Montù Beccaria, il giallo del 31enne rivenuto cadavere sotto il cavalcavia della Cisa. "Nostro padre è morto senza conoscere la verità, ora indaghino davvero. Le Bestie? Gente coi soldi. Arrivavano qui in paese ogni fine settimana"

Carlo Rapalli con la foto del figlio Fabio

Se a 31 anni non fosse stato strappato alla vita, oggi Fabio Rapalli sarebbe l’immagine speculare di Stefano, il suo gemello: massiccio, gran lavoratore, sguardo buono. La speranza mai venuta meno di Stefano oggi si attacca a un filo sottile, esilissimo. È l’iniziativa di Claudio Ghini, investigatore privato di Stradella, che ha depositato alla procura di Massa la sintesi di quindici anni di ricerche, prima da sottufficiale dei carabinieri, poi su incarico della famiglia Rapalli. Un dossier e un’ipotesi investigativa: guardare al processo alla Setta delle bestie, alla Corte d’Assise di Novara. Fra gli immobili nella disponibilità del gruppo, uno era a Costa Montefedele, la frazione di Montù Beccaria dove Fabio viveva con la famiglia e dove Stefano ha continuato ad abitare. Da lì si allontanò il 19 maggio del 1996 in sella alla sua motocicletta Aprilia Pegaso. Il corpo mummificato venne ritrovato il 7 settembre in un dirupo alla Cisa, alla località Montelungo, a Pontremoli.

Stefano Rapalli, conosceva l’esistenza di questa Setta delle bestie?
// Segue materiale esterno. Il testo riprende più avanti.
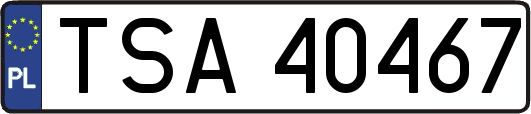 TSA40467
"La casa è vicina alla mia. Ai tempi conoscevo anche il vecchio proprietario. Si vedevano tante macchine, il sabato e la domenica. Mi domandavo come facesse a stare tante gente in una casetta piccola, veramente piccola. Dovevano essere persone un po’ danarose. C’erano anche donne, ragazze. Era tutto chiuso, non si vedeva niente, solo le macchine. La storia è andata avanti per dieci anni. In questi giorni Ghini mi ha detto del processo".

Speranze?

"Magari uscisse qualcosa, un collegamento. Chissà perché proprio qui a Montefedele. Gli anni coincidono. Può darsi che qualcosa ci sia stato. A me non viene in mente niente. La speranza c’è sempre. Come famiglia lo vorremmo dopo tutto quello che abbiamo fatto. Abbiamo fatto l’impossibile per arrivare alla verità. Avevamo messo anche una taglia di cento milioni. Non si poteva fare di più. Finora non si è scoperto niente. Proviamo. Io sono qua".

E se le testimonianze al processo non dessero un risultato, smetterebbe di sperare?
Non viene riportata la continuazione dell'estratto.